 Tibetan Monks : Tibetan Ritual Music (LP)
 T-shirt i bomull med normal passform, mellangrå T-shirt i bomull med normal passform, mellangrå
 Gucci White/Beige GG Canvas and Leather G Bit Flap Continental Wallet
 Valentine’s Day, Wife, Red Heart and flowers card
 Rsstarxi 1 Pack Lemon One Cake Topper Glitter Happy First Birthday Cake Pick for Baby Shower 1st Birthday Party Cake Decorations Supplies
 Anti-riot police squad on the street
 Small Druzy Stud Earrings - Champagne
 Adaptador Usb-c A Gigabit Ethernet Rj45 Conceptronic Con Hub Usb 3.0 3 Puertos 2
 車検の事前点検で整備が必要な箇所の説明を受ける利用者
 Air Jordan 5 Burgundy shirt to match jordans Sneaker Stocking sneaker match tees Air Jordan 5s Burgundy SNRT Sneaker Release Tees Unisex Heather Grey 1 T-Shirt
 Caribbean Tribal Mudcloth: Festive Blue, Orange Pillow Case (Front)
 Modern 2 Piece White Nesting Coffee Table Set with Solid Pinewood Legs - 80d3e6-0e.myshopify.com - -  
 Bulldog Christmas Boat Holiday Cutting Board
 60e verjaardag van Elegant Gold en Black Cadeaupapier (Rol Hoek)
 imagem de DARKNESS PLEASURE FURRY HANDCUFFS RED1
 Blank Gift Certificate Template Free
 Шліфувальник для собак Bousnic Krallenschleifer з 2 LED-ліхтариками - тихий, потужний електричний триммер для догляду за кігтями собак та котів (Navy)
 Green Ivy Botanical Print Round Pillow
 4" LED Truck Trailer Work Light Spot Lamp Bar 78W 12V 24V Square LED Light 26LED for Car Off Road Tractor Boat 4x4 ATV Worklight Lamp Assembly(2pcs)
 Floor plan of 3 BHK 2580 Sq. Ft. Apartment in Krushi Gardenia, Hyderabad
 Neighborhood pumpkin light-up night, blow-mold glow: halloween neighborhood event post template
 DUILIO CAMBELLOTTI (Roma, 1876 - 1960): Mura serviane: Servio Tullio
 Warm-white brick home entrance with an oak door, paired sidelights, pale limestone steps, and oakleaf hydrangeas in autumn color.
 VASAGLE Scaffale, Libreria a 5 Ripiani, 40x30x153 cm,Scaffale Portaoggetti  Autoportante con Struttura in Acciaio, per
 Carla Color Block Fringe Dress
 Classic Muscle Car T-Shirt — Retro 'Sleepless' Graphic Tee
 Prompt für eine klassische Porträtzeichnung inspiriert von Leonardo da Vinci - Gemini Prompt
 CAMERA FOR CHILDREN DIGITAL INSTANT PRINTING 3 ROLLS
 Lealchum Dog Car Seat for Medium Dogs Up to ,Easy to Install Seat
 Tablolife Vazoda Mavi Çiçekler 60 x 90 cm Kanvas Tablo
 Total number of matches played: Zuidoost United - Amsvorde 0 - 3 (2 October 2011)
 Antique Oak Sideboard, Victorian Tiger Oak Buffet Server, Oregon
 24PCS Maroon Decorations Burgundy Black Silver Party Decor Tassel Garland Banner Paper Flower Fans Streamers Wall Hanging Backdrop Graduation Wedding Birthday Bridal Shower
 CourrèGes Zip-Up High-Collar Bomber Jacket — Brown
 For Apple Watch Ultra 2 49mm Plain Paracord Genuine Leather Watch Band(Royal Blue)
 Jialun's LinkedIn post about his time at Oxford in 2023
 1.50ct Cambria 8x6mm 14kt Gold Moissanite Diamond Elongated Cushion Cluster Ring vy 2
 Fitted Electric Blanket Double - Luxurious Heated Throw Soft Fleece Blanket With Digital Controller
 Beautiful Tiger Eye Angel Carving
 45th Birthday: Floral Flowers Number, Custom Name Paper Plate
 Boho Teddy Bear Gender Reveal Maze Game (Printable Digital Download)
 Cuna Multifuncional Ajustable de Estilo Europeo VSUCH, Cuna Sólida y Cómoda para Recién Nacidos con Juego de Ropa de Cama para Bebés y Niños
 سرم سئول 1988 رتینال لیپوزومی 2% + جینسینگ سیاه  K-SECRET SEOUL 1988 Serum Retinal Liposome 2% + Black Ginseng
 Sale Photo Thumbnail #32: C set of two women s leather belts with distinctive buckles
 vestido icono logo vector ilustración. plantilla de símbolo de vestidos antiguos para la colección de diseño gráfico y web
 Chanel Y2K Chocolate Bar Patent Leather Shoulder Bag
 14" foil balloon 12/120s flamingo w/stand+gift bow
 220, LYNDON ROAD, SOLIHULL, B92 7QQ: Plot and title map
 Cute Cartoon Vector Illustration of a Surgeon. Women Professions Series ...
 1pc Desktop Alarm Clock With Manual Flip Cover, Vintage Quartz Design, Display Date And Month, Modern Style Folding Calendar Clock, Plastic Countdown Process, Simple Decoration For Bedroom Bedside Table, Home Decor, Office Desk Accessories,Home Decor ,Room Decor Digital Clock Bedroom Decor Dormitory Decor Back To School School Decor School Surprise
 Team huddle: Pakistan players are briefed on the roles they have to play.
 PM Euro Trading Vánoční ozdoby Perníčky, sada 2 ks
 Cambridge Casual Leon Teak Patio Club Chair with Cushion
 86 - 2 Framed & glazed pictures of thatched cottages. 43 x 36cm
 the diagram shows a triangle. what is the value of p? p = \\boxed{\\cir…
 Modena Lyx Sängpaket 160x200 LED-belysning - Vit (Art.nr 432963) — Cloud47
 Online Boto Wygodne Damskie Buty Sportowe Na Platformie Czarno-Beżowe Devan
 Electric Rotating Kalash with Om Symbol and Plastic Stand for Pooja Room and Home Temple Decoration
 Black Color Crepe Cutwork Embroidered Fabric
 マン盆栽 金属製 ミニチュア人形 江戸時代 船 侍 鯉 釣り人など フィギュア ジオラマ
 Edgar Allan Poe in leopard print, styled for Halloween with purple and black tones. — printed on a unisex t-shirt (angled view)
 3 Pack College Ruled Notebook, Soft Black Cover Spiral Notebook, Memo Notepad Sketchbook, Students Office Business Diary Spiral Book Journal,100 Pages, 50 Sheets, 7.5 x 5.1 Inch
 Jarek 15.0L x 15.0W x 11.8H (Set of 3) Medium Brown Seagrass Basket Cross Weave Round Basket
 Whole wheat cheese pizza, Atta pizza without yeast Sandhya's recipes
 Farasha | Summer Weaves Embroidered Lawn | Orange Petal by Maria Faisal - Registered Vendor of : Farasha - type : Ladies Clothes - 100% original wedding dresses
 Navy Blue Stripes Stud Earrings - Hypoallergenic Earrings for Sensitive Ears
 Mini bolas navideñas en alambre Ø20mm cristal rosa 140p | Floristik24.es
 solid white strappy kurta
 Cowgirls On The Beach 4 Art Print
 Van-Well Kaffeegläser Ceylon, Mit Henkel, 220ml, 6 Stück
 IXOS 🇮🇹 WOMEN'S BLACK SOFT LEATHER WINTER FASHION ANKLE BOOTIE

---

WHAT TO PRODUCE: Write out, from the lines above, only those from the line with "Electric Rotating Kalash" to the line with "Navy Blue Stripes", exactly as given, including the first and the last.

RESPONSE TO THIS TASK:
 Electric Rotating Kalash with Om Symbol and Plastic Stand for Pooja Room and Home Temple Decoration
 Black Color Crepe Cutwork Embroidered Fabric
 マン盆栽 金属製 ミニチュア人形 江戸時代 船 侍 鯉 釣り人など フィギュア ジオラマ
 Edgar Allan Poe in leopard print, styled for Halloween with purple and black tones. — printed on a unisex t-shirt (angled view)
 3 Pack College Ruled Notebook, Soft Black Cover Spiral Notebook, Memo Notepad Sketchbook, Students Office Business Diary Spiral Book Journal,100 Pages, 50 Sheets, 7.5 x 5.1 Inch
 Jarek 15.0L x 15.0W x 11.8H (Set of 3) Medium Brown Seagrass Basket Cross Weave Round Basket
 Whole wheat cheese pizza, Atta pizza without yeast Sandhya's recipes
 Farasha | Summer Weaves Embroidered Lawn | Orange Petal by Maria Faisal - Registered Vendor of : Farasha - type : Ladies Clothes - 100% original wedding dresses
 Navy Blue Stripes Stud Earrings - Hypoallergenic Earrings for Sensitive Ears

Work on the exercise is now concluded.